**DIRECTIONS**: For this exercise, write out each entry below exactly, omitting the images.
+++ MATERIAL SUPPLIED
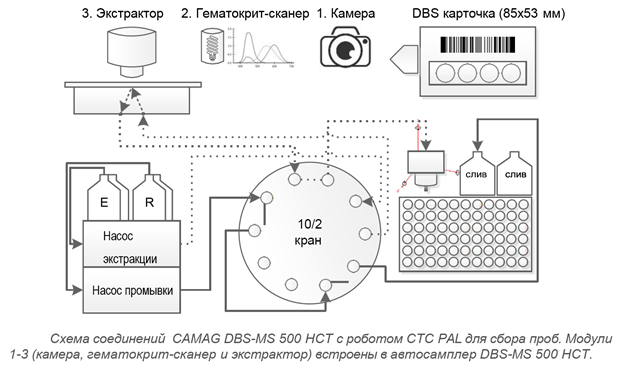 Схема соединений Camag DBS-MS 500 HCT с роботом CTC PAL для сбора проб. Модули 1-3 (камера, гематокрит-сканер и экстрактор) встроены в Camag DBS-MS 500 HCT
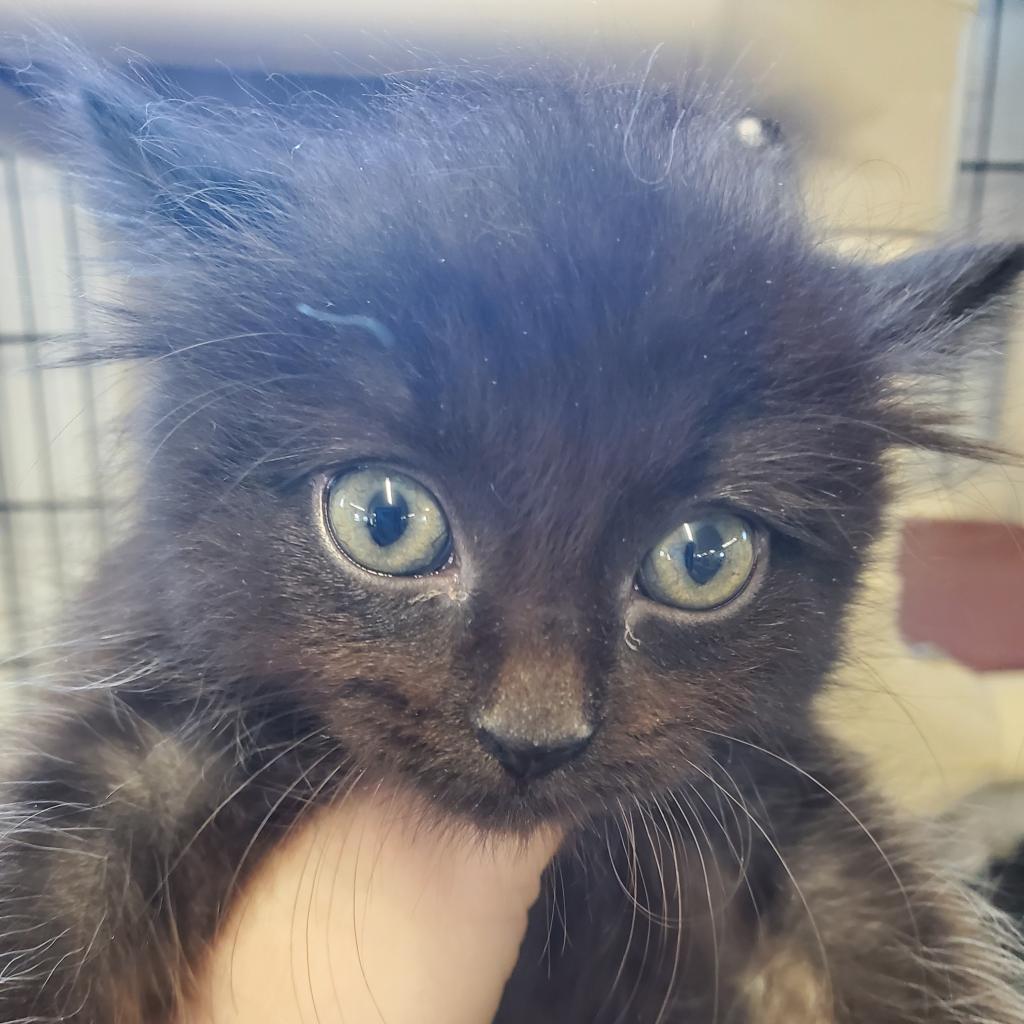 Enlarge Yami, a Adoptable Domestic Long Hair in Spanish Fork, UT image 5/6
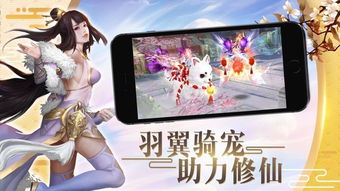 蝶衣手游官方正版，带你走进绚烂蝴蝶世界，体验无限魅力与乐趣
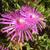 Close up of flower
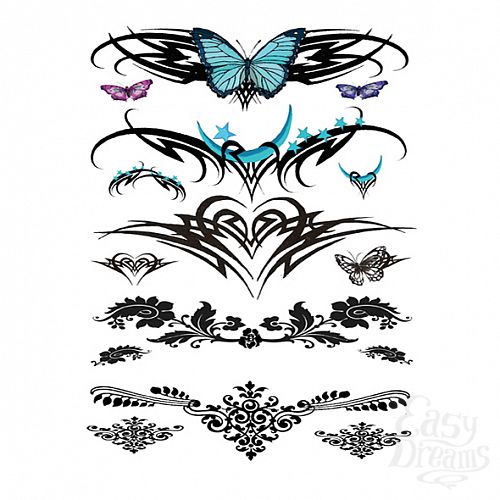 ���������� 2  ���� ����� - Sexy Lower Back - 40 �� 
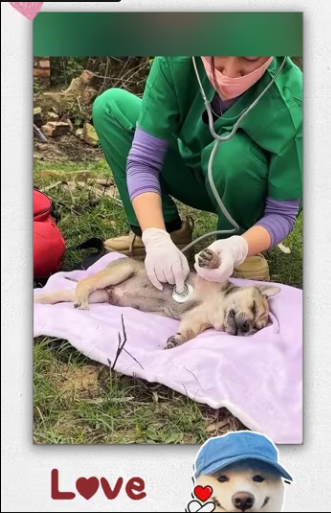 Girl rescues dying dog lying on side of road en…_part2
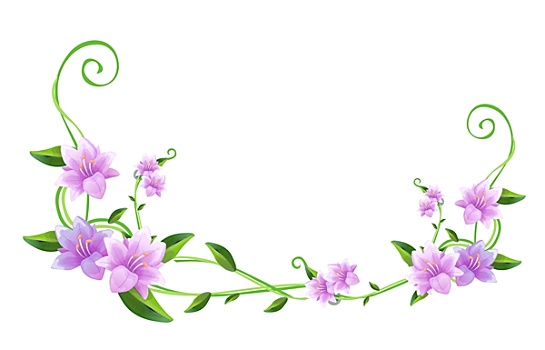 紫花,绿色,蔓藤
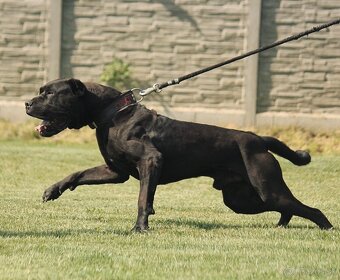 Bandog na krytie - 7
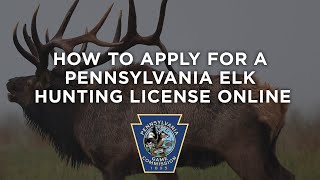 How To Apply For A Pennsylvania Elk Hunting License Online [upl. by Winther]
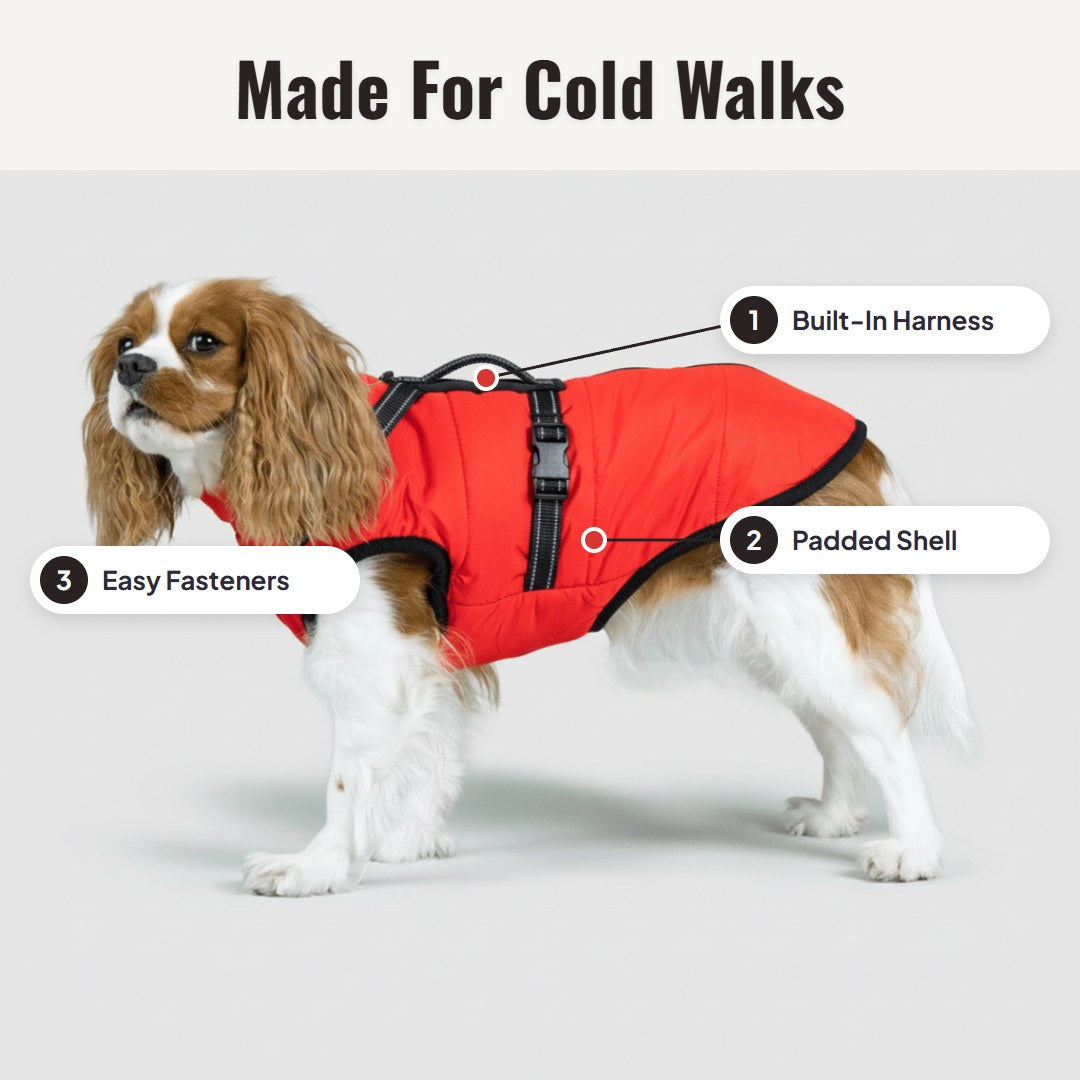 Pawcoat™ 3-in-1-Winterjacke für Hunde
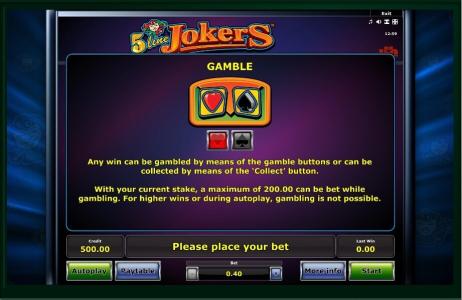 5 Line Jokers Slot Machine Gamble Feature Screen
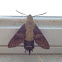 Hummingbird Moth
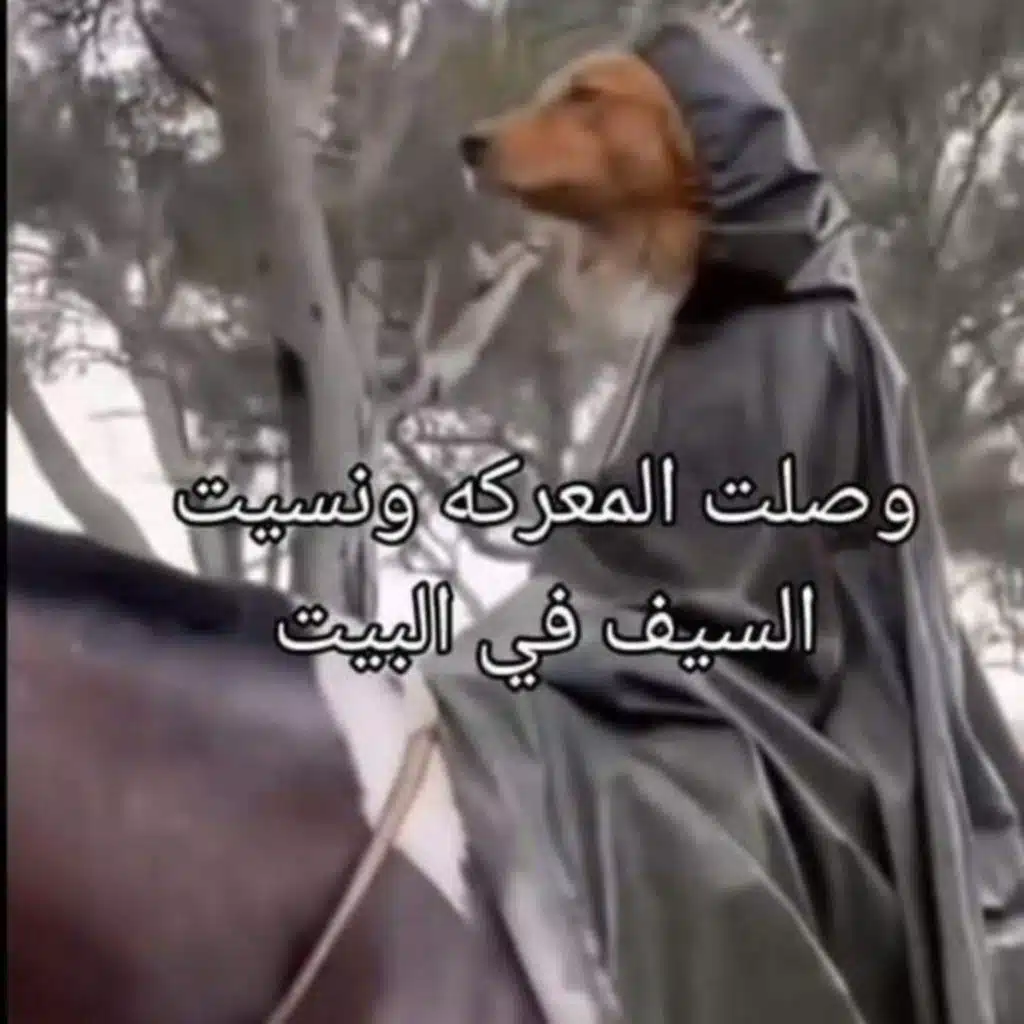 ما يحتويه اليأس من كمية ال لا بأس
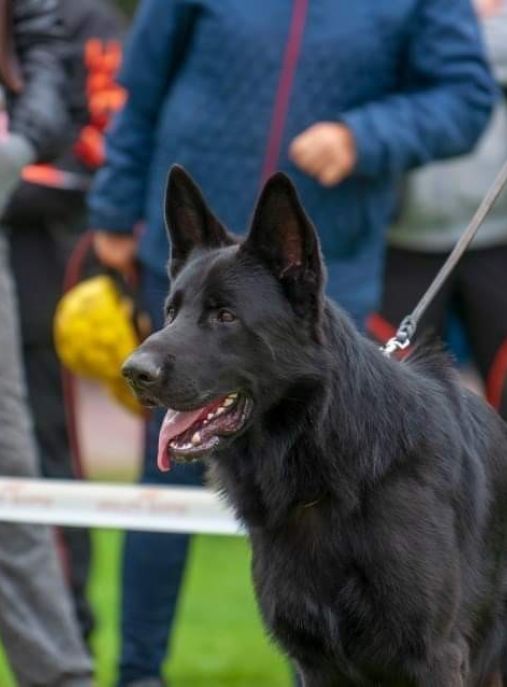 Criadero de perros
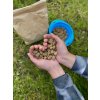 Bohemia Pet Food BOHEMIA COLD Adult Lamb (za studena lisované jahňacie granule) Váha: 10kg Bohemia Pet Food BOHEMIA COLD Adult Lamb (za studena lisované jahňacie granule) Váha: 10kg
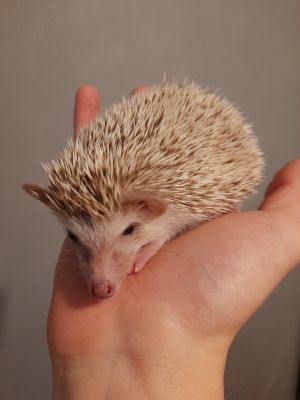 Pygmy Hedgehogs For Sale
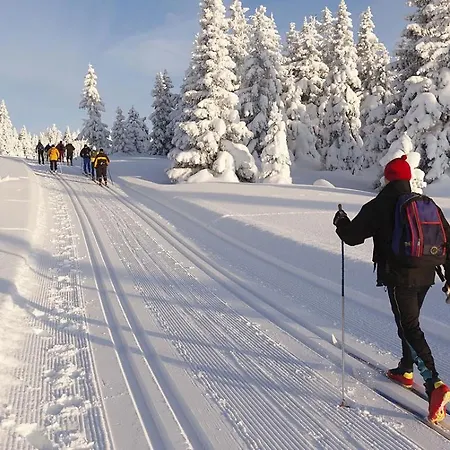 Gæstehus Maier 4*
++++++
**WRITTEN SOLUTION**:
 Схема соединений Camag DBS-MS 500 HCT с роботом CTC PAL для сбора проб. Модули 1-3 (камера, гематокрит-сканер и экстрактор) встроены в Camag DBS-MS 500 HCT
 Enlarge Yami, a Adoptable Domestic Long Hair in Spanish Fork, UT image 5/6
 蝶衣手游官方正版，带你走进绚烂蝴蝶世界，体验无限魅力与乐趣
 Close up of flower
 ���������� 2  ���� ����� - Sexy Lower Back - 40 �� 
 Girl rescues dying dog lying on side of road en…_part2
 紫花,绿色,蔓藤
 Bandog na krytie - 7
 How To Apply For A Pennsylvania Elk Hunting License Online [upl. by Winther]
 Pawcoat™ 3-in-1-Winterjacke für Hunde
 5 Line Jokers Slot Machine Gamble Feature Screen
 Hummingbird Moth
 ما يحتويه اليأس من كمية ال لا بأس
 Criadero de perros
 Bohemia Pet Food BOHEMIA COLD Adult Lamb (za studena lisované jahňacie granule) Váha: 10kg Bohemia Pet Food BOHEMIA COLD Adult Lamb (za studena lisované jahňacie granule) Váha: 10kg
 Pygmy Hedgehogs For Sale
 Gæstehus Maier 4*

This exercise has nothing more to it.